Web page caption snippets
----------------

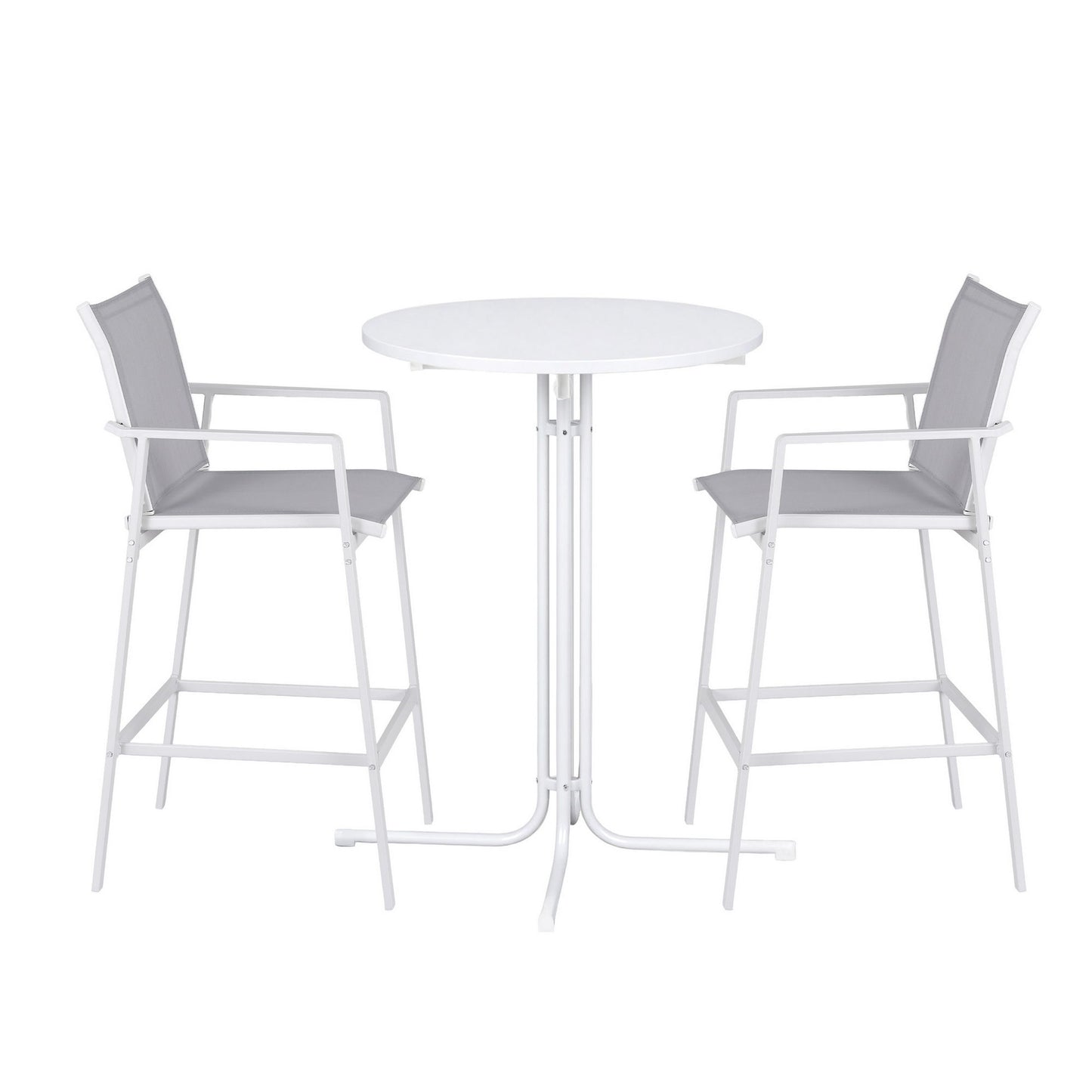 Gardeon 3PC Outdoor Bar Set Stools Dining Chairs Table Patio Furniture Bistro Set Steel White - Image 3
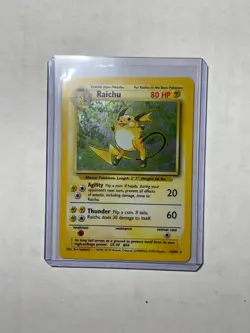Pokemon Base Set Raichu 14/102 Holo LP Unlimited WOTC 1999 Vintage - Image 2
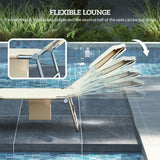 Outsunny Set of 2 Folding Sun Loungers with 5-Position Backrest, Face Hole and Side Pocket, Beige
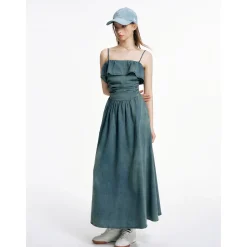 Liilou Ruffled Tube Top Sling Denim Dress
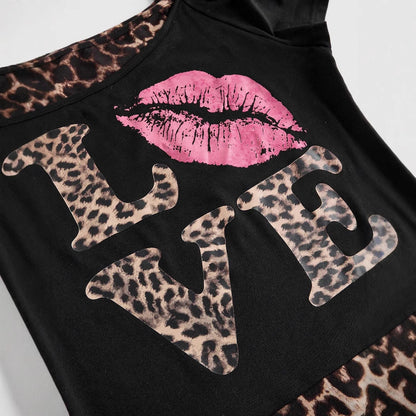 Asymmetrische dames top met panterprint en sexy snit – SAVINA WILD - Glamorix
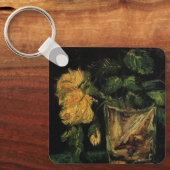 Glas met rozen van Vincent van Gogh Sleutelhanger (Voorkant)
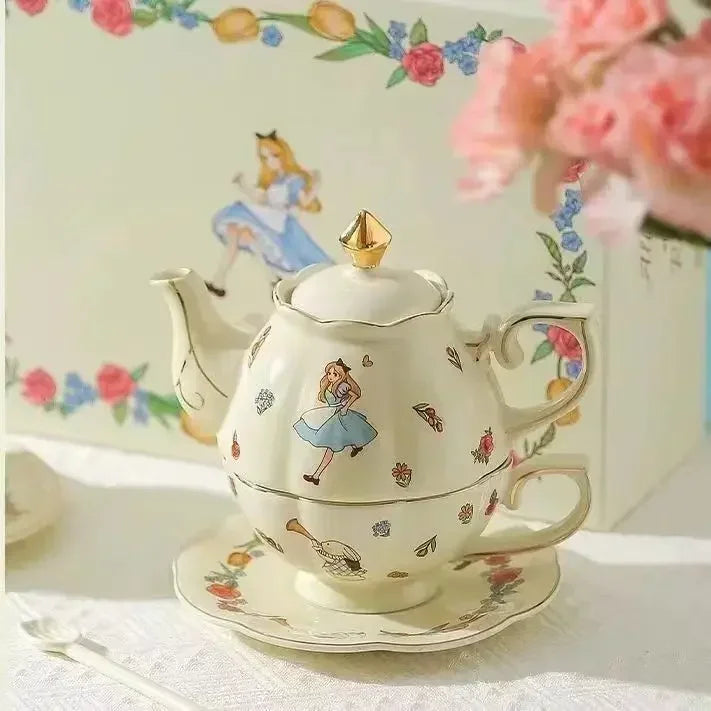 Luxury Ceramic Teapot Gift Box Cup and Pot Girl and Rabbit Ceramic Teapot Coffee Cup Dish Set Birthday Gift  for Tea Lovers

----------------

Print all the records again exactly; do not include any picture.

Answer to this problem |
 Gardeon 3PC Outdoor Bar Set Stools Dining Chairs Table Patio Furniture Bistro Set Steel White - Image 3
Pokemon Base Set Raichu 14/102 Holo LP Unlimited WOTC 1999 Vintage - Image 2
 Outsunny Set of 2 Folding Sun Loungers with 5-Position Backrest, Face Hole and Side Pocket, Beige
 Liilou Ruffled Tube Top Sling Denim Dress
 Asymmetrische dames top met panterprint en sexy snit – SAVINA WILD - Glamorix
 Glas met rozen van Vincent van Gogh Sleutelhanger (Voorkant)
 Luxury Ceramic Teapot Gift Box Cup and Pot Girl and Rabbit Ceramic Teapot Coffee Cup Dish Set Birthday Gift  for Tea Lovers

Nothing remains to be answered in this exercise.